Some of Derbyshire’s finest and most sequestered countryside may be found west of Derby itself, although it is countryside well removed from ‘classic’ Derbyshire: the spectacular sequences of White and Dark Peak. West of Derby is gently undulating arable country, scattered with miniscule villages, some shrunk, some beginning to expand again, interspersed with country houses, delightful churches and the sites of other such settlements, long deserted, like Meynell Langley and Barton Blount.
As such, the area is impossible to encapsulate in a single visit; the winding lanes, their erratic courses determined by the ancient boundaries of pre-existing land holdings, would always preclude so adventurous an enterprise. Instead, we proposed a taster, one that would take the voyager never very far from the City of Derby, yet still experience something of that ambience.
We decided to start from the parkland which formerly surrounded Markeaton Hall, thoughtlessly demolished in 1964. Mercifully, a former owner, Mrs. Mundy, donated much of the park (along with the house) and the Council bought more (see Country Images for March and April 2012). We drove past the re-positioned hall gates, now restored and facing the Markeaton Roundabout on the Ashbourne Road. They look splendid, but they are wasted in such a position. In return for parking up, we were relieved of a certain amount of money for the privilege, so be warned!

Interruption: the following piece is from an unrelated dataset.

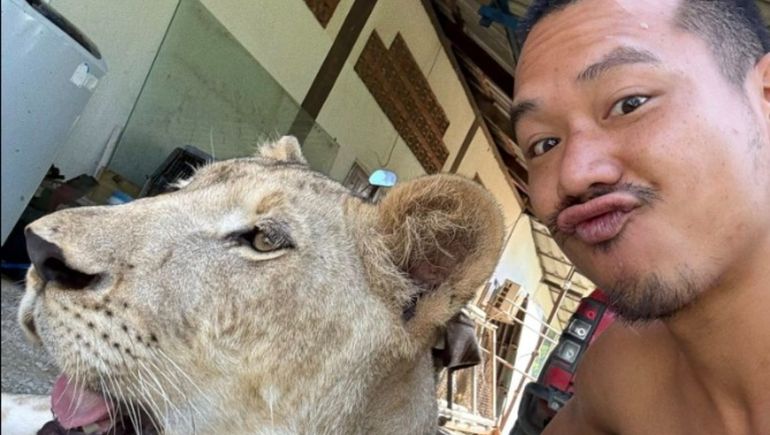 Un influencer tenía una leona como mascota pero se le escapó y atacó a dos personas en Tailandia.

The parkland is today just over 200 acres and was landscaped around 1760 by William Emes, who was a prominent locally based follower of Lancelot ‘Capability’ Brown who specialised in lakes, although that at Markeaton was widened to allow boating by the Council in 1932. For twenty glorious years, the park was embellished by a miniature railway, mainly steam operated, closed by the Council in 2014, who refused to maintain to a decent standard the buildings leased by the railway’s proprietors, thus allowing repeated entry to vandals. It is much missed.

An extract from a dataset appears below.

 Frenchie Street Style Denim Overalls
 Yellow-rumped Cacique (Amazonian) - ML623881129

We began at the pet cemetery at the SW part of the park, then moved via the surviving buildings to admire the surviving plinth of the early Tudor hall, incorporated by Joseph Pickford when he rebuilt the stables as a magnificent two-courtyard hunting stables, buildings with a rich heritage, subsequently diminished when demolished. What is left is the orangery (the roof much altered) and a single courtyard behind, the latter peopled by craft retail outlets which, once life gets back to normal, are always worth a visit.

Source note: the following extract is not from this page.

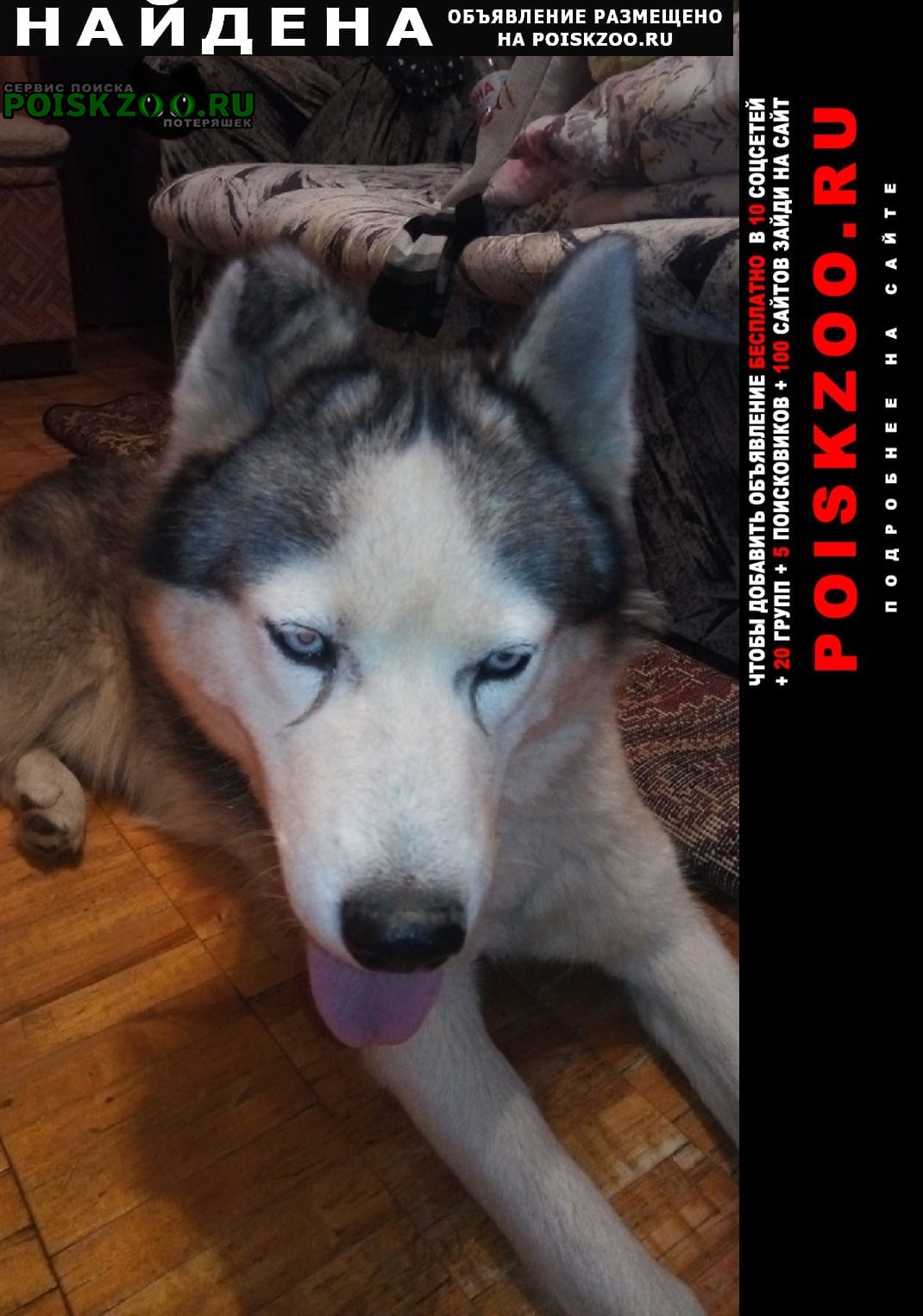Найдена собака кобель хаски Волгоград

From thence proceed westward out of the park, past the west lodge, in which one 18th century gate pier is half-embedded and indeed, can be seen from within the upstairs room! Here one is in what remains of the village, moved here when the park was landscaped but embellished by two fine earlier farm houses, a tea shop and garden centre. It still retains the pleasant semi-somnolent appearance of the estate village it once was, and is one of the few remaining true pieces of rus in urbe remaining within the city.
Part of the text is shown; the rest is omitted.